Tuesday, November 30, 2010

Gold Prices Today Soar on EU Sovereign Debt Disaster

Black Friday temporarily captured the attention and imagination of traders and investors, but that is already past us and the potential contagion and ongoing disaster related to the EU sovereign debt crisis has them running to gold again for safety reasons.

Gold for February delivery at the Comex division of the New York Mercantile Exchange rose by $17.40 to $1,384.90 an ounce. Spot gold was at 1,384.10, rising by $16.80 as of 2:19 PM EST.

As has happened several times in the recent past, gold ignored the temporary rising value of the U.S. dollar, for imperceivable reasons, has also attracted those seeking safety.

At those times the two ignore the usual inverse relationship and rise together. That could continue to happen in the current economic climate for a short period of time.
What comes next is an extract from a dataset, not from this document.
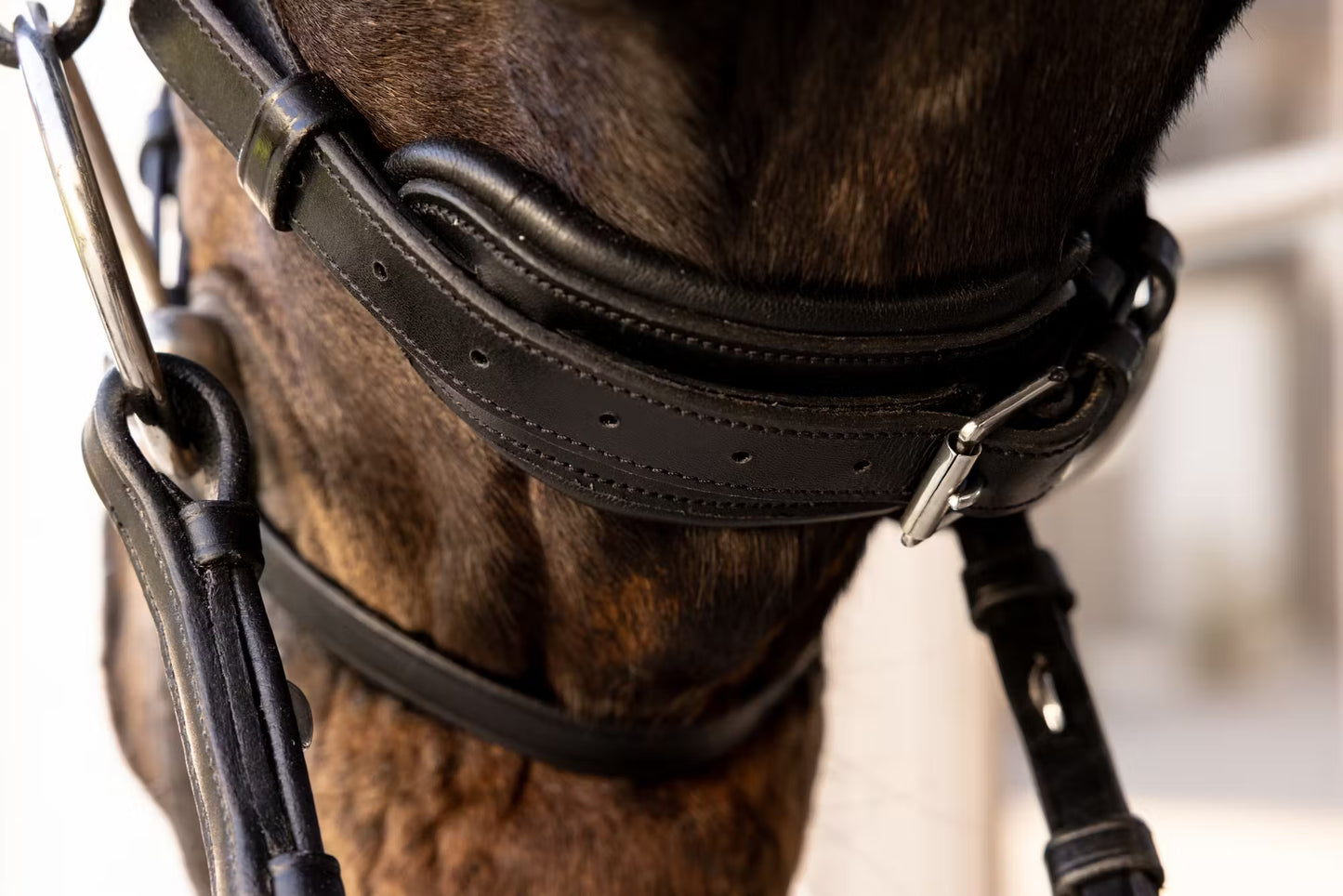 Dy'on ComfoHead Bridle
Much of that will be determined by the perceived fate and value of the euro against the dollar as the narrative unfolds in Europe.

The problem seems to be the EU and news outlets are not reporting the true depth of the problem, which appears to be far worse than is being let on.

Greece, for example, recently stated their deficits are probably worst than last reported, which implies either outright dishonesty or ineptness; both of which are dangerous to the region, although at lower levels than the obvious repercussions if Spain were to require a bailout.

This seems to be the primary driver of gold at this time, and as long as the euro remains under pressure and the U.S. dollar moves up against it, gold and the dollar will probably rise together.

That will eventually change, but until it does, gold will most likely move up slower than it otherwise would have in light of other economic factors like the quantitative easing of the Federal Reserve.